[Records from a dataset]
Content starts

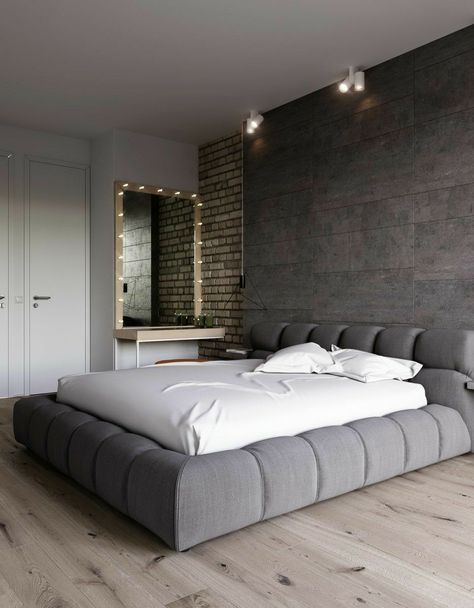 Unique Bed Design, Bedroom Lighting Design, Industrial Bedroom Design, Minimalist Bedroom Design, Bedroom Bed Design, Couple Bedroom, Minimalist Bedroom, Luxurious Bedrooms, Bed Room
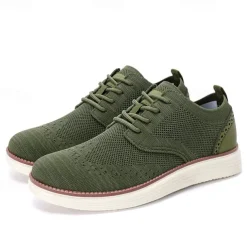 Men's Breathable Knit Brogue Sneakers - Casual Lace-Up Lightweight Shoes for Daily Wear & Walking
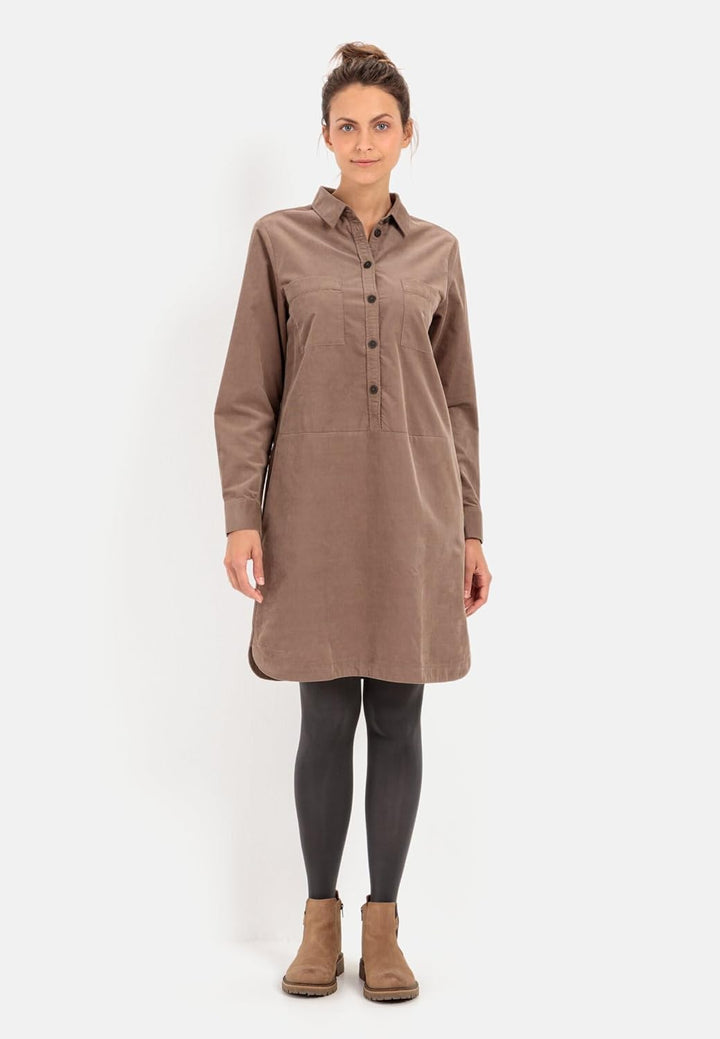 camel active Damen Hemdblusenkleid mit Langen Ärmeln XS Light Walnut, XS Light Walnut
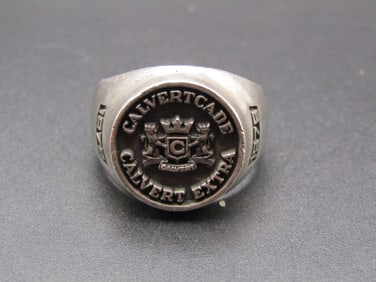 1975 Calvertcade Class Ring, Sterling Silver, 16.64 Grams, Size 10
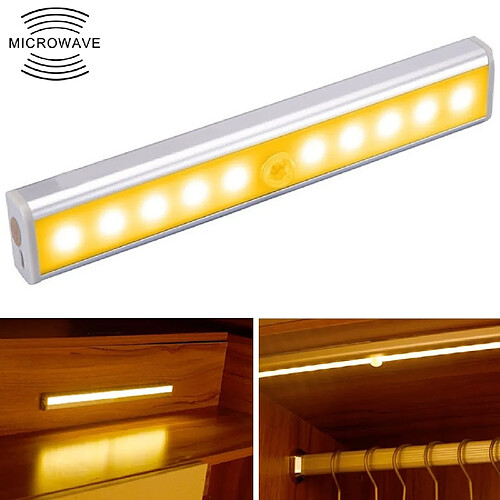 Wewoo 1.8W 10 LED chauffent la lumière blanche large écran intelligent capteur de corps humain Corridor du Cabinetversion de charge USB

Content ends

*Instructions to follow*
Please copy the data shown above word for word, omitting the pictures.

*Answer to this problem*
 Unique Bed Design, Bedroom Lighting Design, Industrial Bedroom Design, Minimalist Bedroom Design, Bedroom Bed Design, Couple Bedroom, Minimalist Bedroom, Luxurious Bedrooms, Bed Room
 Men's Breathable Knit Brogue Sneakers - Casual Lace-Up Lightweight Shoes for Daily Wear & Walking
 camel active Damen Hemdblusenkleid mit Langen Ärmeln XS Light Walnut, XS Light Walnut
 1975 Calvertcade Class Ring, Sterling Silver, 16.64 Grams, Size 10
 Wewoo 1.8W 10 LED chauffent la lumière blanche large écran intelligent capteur de corps humain Corridor du Cabinetversion de charge USB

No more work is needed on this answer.